Aerial view of the destruction on Daydream Island

Offshore, the 16.7 m concrete fishing trawler Whakatane went missing while en route from Mackay to Townsville. The search for the vessel and her seven occupants was suspended on 26 January, around the same time that wreckage, believed to be from Whakatane, was identified near Long Island. According to the BoM, maritime tragedies during Ada were likely caused by delayed or insufficient response to warnings. Some boatowners remained aboard their vessels throughout the cyclone and others attempted to move their boats to different locations during the lull at the storm's eye. In one instance, five men were reported missing after they ventured into the storm to secure a boat anchored at Hayman Island. Overall, storm damage was estimated at A$12 million, the equivalent of over $1 billion in 2012 values when accounting for growth and inflation. Ada is believed to have killed 14 people, 11 of them at sea.

===Whitsunday Islands===
In the Whitsundays, Ada's impact was most severe on Hayman, Long, Daydream, South Molle, and Hook islands.
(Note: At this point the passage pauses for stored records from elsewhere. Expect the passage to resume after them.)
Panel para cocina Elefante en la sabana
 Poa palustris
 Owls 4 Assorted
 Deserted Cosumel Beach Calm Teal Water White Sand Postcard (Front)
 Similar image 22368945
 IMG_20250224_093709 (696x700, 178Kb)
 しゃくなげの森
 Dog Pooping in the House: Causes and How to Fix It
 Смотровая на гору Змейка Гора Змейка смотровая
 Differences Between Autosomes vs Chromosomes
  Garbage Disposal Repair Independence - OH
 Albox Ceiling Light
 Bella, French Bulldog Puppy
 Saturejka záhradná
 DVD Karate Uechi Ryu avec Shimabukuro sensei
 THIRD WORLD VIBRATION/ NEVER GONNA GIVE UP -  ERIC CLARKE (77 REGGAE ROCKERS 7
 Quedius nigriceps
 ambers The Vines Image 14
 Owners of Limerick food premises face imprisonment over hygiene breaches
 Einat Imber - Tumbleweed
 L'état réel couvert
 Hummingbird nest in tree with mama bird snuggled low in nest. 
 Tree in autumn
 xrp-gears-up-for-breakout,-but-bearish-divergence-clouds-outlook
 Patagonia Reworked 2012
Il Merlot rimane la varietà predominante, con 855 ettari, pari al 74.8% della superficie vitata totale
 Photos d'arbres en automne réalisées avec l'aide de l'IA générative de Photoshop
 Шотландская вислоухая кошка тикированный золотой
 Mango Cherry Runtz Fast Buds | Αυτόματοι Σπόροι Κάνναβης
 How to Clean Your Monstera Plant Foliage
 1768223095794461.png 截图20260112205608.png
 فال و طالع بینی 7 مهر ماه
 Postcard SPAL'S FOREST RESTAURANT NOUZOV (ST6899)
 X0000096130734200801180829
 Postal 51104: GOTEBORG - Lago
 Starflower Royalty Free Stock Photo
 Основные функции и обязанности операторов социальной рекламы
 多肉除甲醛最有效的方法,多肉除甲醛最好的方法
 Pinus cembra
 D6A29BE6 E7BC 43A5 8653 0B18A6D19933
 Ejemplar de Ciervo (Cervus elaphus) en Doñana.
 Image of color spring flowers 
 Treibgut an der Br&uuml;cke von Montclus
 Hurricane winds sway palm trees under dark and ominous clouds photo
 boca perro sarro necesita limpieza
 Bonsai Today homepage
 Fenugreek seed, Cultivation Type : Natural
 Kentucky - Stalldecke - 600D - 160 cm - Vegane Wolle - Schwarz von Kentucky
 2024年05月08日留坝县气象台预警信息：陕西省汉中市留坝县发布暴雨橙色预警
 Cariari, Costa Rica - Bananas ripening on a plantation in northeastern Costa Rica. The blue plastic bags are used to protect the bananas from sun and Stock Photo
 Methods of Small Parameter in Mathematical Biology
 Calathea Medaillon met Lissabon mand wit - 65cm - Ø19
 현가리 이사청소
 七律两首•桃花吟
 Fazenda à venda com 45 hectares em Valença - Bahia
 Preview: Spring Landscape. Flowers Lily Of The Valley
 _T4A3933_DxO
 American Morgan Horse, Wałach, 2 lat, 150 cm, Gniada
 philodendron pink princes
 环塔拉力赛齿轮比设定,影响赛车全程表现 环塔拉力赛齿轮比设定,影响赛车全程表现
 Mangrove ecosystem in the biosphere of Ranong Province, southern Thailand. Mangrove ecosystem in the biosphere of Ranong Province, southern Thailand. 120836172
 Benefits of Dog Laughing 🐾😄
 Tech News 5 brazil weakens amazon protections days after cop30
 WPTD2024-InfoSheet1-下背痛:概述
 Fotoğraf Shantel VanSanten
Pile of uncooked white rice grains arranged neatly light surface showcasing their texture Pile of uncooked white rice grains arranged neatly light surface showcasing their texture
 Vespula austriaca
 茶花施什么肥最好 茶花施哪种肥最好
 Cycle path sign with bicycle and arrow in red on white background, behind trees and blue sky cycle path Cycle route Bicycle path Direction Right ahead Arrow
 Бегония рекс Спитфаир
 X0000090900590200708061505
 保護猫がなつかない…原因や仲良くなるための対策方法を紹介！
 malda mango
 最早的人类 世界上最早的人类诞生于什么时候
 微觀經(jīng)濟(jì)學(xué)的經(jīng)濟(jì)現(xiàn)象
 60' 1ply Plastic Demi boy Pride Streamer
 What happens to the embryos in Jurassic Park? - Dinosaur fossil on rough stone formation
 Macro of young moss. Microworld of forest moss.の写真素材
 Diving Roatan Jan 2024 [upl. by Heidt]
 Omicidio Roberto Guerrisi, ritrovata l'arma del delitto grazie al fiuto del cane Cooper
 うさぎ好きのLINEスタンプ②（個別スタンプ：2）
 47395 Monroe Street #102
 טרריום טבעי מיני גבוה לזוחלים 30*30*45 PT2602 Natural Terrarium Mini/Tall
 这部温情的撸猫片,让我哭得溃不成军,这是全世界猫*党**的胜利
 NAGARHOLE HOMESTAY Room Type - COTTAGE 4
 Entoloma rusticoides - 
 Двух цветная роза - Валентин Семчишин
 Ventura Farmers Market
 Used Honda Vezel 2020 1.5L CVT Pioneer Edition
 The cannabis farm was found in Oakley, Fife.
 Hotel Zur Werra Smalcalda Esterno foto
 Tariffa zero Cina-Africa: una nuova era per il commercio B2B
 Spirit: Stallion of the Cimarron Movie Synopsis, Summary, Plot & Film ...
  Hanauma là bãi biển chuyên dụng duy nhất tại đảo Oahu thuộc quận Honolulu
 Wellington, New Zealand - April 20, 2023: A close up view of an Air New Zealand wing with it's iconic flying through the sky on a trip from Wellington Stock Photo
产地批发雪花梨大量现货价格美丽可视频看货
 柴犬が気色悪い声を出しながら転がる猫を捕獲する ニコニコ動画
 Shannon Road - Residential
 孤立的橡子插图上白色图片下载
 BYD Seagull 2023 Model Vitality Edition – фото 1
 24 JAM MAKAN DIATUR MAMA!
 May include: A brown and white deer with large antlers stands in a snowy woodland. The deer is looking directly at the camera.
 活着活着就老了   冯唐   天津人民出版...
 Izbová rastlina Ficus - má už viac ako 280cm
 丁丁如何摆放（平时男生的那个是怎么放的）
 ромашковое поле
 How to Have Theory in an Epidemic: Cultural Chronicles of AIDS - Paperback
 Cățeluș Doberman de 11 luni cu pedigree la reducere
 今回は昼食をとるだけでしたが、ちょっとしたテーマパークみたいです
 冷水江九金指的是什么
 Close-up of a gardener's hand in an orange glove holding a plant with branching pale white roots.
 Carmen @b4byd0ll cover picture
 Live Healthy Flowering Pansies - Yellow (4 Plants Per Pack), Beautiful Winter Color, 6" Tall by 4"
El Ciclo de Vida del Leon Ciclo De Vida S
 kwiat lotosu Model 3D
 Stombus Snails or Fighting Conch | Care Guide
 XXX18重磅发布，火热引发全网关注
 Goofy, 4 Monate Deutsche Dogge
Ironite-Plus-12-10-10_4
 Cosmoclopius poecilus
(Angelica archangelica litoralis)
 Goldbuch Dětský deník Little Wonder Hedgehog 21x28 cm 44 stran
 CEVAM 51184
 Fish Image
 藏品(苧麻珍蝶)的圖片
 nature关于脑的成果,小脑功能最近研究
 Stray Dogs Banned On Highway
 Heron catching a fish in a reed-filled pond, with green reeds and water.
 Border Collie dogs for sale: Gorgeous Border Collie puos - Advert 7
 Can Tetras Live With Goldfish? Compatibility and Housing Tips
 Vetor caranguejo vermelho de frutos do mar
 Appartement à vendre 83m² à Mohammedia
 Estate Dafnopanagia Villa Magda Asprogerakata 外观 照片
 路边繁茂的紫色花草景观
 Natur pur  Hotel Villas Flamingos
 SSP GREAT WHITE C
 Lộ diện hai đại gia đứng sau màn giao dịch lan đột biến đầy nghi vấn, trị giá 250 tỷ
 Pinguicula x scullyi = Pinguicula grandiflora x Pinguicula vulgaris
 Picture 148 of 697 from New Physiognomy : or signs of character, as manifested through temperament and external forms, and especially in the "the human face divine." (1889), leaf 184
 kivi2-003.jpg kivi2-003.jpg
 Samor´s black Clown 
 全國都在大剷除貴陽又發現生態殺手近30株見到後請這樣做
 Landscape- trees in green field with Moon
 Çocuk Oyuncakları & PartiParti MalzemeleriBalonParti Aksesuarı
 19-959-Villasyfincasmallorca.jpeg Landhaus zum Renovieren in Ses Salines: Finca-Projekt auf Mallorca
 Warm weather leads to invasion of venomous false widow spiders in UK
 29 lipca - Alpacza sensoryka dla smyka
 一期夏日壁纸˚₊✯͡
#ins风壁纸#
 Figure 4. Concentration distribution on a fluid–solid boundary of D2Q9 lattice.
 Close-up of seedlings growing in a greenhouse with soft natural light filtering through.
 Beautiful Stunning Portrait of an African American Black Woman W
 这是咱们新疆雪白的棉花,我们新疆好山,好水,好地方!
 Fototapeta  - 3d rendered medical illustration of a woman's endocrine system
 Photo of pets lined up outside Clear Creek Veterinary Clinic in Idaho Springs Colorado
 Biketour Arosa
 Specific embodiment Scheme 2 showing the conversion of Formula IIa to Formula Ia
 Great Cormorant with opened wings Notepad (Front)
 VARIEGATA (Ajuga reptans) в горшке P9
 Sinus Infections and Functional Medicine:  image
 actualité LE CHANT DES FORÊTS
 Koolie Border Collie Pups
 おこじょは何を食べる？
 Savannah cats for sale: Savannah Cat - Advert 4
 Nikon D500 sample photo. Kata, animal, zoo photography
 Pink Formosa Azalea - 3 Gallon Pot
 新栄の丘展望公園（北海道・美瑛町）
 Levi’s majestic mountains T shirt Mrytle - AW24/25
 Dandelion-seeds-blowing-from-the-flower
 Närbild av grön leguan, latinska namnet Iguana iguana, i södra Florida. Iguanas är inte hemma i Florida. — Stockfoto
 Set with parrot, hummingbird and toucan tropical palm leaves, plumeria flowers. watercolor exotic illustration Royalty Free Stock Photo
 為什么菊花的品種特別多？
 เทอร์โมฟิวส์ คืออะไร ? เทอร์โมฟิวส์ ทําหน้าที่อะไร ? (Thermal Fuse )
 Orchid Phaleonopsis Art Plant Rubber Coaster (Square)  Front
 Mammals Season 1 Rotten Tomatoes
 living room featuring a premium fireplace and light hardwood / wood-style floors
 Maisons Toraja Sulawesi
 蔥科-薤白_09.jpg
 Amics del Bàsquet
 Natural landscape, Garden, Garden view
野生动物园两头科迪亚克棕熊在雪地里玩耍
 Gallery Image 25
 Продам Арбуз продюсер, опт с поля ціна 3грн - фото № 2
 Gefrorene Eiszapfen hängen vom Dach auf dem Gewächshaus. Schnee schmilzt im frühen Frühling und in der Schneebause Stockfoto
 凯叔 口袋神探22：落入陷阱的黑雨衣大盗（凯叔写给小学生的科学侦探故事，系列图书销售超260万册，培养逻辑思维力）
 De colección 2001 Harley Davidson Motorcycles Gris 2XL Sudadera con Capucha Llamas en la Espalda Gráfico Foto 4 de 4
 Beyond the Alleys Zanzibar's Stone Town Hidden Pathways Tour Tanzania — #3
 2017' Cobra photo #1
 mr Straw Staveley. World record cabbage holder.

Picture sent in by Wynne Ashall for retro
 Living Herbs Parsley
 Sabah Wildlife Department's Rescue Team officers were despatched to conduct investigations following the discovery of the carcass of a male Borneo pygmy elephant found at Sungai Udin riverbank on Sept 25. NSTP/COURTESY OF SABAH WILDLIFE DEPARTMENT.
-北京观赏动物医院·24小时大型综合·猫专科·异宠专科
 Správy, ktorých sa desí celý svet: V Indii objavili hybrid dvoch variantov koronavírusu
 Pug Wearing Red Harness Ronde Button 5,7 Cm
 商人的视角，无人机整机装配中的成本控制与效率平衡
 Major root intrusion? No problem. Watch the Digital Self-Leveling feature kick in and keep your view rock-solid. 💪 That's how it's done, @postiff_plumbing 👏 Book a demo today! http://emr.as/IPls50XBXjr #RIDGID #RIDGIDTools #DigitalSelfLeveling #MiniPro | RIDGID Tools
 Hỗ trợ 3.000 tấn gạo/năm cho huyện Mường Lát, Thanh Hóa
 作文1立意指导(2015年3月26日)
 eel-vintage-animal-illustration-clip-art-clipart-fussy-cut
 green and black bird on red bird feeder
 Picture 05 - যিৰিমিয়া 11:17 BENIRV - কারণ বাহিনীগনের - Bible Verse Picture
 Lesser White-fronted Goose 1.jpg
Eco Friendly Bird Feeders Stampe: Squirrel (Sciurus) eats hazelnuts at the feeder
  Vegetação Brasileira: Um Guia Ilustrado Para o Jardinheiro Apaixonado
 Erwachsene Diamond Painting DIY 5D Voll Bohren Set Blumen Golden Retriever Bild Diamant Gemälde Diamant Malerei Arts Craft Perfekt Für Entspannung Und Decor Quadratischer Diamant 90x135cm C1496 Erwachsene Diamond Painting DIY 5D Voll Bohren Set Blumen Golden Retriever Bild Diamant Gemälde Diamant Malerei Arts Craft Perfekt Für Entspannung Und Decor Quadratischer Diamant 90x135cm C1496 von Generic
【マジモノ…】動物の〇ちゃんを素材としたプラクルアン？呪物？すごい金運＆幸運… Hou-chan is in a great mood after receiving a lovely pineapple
Peak winds in the storm's path were not recorded, but based on the severity of the damage, it is estimated that gusts may have exceeded 220 km/h. Many trees were either blown over or debarked and stripped of their foliage, with scraps of roofing material left hanging from their limbs. Throughout the islands, Ada ravaged resorts and boats, forcing hundreds of holidaymakers to await emergency rescue.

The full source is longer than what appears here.